En Afrique du Sud, le principal parti d’opposition – l’Alliance démocratique (DA) – compte bien attaquer le gouvernement de Jacob Zuma en justice comme le rapporte Caroline Dumay, envoyée spéciale de France 24 en Afrique du Sud : « Elle (l’opposition) considère que c’est anticonstitutionnel. Si le gouvernement veut sortir de la CPI, il faut qu’il fasse ratifier cette décision par le Parlement ».

C’est aussi les organisations de défense des droits de l’Homme qui s’élèvent contre cette décision. Dans un communiqué, Human Rights Watch (HRW) souligne que la décision sud-africaine « démontre un mépris surprenant pour la justice de la part d’un pays longtemps vu comme un leader mondial en matière de justice pour les victimes des crimes les plus graves », avant d’ajouter : « Il est important à la fois pour l’Afrique du Sud et la région de ralentir ce train incontrôlable et de restaurer l’héritage chèrement acquis par l’Afrique du Sud de prendre le parti des victimes des atrocités de masse ».

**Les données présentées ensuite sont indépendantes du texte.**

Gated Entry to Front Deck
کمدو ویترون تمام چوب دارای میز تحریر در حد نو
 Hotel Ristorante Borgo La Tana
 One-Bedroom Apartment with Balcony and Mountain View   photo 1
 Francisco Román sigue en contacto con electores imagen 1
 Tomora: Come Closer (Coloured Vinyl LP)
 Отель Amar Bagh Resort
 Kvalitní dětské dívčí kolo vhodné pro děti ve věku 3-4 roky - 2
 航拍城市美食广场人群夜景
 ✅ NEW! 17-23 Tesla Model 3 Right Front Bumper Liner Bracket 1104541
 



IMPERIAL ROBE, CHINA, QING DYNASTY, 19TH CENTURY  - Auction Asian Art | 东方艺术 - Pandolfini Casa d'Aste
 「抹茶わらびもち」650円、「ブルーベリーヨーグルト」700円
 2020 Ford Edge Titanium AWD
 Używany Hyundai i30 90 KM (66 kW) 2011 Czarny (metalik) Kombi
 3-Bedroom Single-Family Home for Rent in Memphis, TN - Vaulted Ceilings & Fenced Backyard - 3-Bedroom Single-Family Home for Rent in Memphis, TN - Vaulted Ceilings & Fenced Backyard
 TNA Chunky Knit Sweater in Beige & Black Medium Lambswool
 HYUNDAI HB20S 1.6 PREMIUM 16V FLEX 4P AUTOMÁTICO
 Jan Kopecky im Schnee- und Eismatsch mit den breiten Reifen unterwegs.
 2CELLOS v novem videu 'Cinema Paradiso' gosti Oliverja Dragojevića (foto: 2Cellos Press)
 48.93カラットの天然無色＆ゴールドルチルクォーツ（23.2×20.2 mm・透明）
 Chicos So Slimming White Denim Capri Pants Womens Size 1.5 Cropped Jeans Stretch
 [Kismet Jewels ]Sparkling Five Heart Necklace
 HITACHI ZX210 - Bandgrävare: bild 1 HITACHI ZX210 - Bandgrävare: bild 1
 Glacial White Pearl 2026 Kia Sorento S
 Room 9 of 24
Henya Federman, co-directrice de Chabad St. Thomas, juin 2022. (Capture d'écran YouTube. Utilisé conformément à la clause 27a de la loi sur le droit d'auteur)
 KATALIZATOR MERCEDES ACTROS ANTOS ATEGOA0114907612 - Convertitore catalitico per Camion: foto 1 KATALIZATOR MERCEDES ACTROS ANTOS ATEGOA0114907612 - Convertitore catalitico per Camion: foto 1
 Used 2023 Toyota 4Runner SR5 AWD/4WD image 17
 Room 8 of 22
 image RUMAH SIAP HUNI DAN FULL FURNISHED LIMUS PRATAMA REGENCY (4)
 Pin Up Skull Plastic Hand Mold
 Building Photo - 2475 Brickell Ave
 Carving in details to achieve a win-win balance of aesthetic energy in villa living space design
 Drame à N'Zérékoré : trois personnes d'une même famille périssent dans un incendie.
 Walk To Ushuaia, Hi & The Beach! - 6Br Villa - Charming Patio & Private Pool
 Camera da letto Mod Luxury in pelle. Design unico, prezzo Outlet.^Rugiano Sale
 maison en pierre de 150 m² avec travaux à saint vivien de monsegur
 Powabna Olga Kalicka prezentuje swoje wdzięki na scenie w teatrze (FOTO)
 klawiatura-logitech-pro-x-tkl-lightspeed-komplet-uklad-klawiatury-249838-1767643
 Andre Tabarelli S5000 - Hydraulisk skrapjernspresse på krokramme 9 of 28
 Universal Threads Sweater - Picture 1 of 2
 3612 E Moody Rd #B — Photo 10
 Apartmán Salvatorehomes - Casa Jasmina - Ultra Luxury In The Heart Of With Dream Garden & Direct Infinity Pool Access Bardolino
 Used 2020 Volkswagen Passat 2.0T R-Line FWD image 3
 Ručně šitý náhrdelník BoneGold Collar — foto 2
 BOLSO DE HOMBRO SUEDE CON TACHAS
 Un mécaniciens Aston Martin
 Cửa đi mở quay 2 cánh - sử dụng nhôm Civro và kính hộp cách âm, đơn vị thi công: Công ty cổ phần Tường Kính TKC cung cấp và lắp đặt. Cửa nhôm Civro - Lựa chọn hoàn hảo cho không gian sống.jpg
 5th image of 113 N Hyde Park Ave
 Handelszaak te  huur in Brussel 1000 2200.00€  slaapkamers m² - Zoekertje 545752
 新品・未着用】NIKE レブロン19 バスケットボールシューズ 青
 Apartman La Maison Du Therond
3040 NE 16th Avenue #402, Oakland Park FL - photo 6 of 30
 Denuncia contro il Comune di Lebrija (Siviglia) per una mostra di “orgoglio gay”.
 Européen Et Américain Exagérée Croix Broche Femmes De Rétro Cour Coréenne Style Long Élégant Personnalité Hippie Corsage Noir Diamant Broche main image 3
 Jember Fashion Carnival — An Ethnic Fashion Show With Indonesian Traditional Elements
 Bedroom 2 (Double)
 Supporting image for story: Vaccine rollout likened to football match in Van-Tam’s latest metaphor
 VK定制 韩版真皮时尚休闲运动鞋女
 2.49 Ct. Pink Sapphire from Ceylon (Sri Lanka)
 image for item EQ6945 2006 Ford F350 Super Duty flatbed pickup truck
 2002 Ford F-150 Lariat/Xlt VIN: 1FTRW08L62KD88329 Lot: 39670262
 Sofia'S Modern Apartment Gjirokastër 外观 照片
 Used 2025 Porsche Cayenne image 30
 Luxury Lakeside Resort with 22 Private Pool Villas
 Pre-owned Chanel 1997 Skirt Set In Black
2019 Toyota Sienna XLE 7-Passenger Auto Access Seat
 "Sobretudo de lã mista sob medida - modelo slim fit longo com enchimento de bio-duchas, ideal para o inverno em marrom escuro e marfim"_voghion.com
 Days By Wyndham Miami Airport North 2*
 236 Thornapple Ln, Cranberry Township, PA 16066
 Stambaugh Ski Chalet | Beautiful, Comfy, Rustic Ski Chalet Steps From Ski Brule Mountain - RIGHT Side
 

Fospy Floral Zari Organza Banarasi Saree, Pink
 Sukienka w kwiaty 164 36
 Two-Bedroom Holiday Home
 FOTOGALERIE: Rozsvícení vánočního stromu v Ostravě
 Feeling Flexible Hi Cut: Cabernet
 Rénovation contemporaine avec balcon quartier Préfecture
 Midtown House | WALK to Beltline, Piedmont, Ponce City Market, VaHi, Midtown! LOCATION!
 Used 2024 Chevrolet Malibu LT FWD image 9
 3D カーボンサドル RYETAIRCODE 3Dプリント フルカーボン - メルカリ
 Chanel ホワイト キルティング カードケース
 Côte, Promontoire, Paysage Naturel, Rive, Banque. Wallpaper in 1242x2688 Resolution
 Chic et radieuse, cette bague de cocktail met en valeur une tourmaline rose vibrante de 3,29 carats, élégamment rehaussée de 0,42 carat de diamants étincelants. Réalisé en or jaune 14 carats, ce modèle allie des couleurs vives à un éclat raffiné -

Quant à la CPI, elle regrette profondément ce second revers. Avant même ces annonces successives, Sidiki Kaba, le président de l’Assemblée des États parties au Statut de Rome, expliquait que « le retrait d’un État partie constituerait un recul dans la lutte contre l’impunité et la marche résolue vers l’universalité du Statut ».

Camille Saulas.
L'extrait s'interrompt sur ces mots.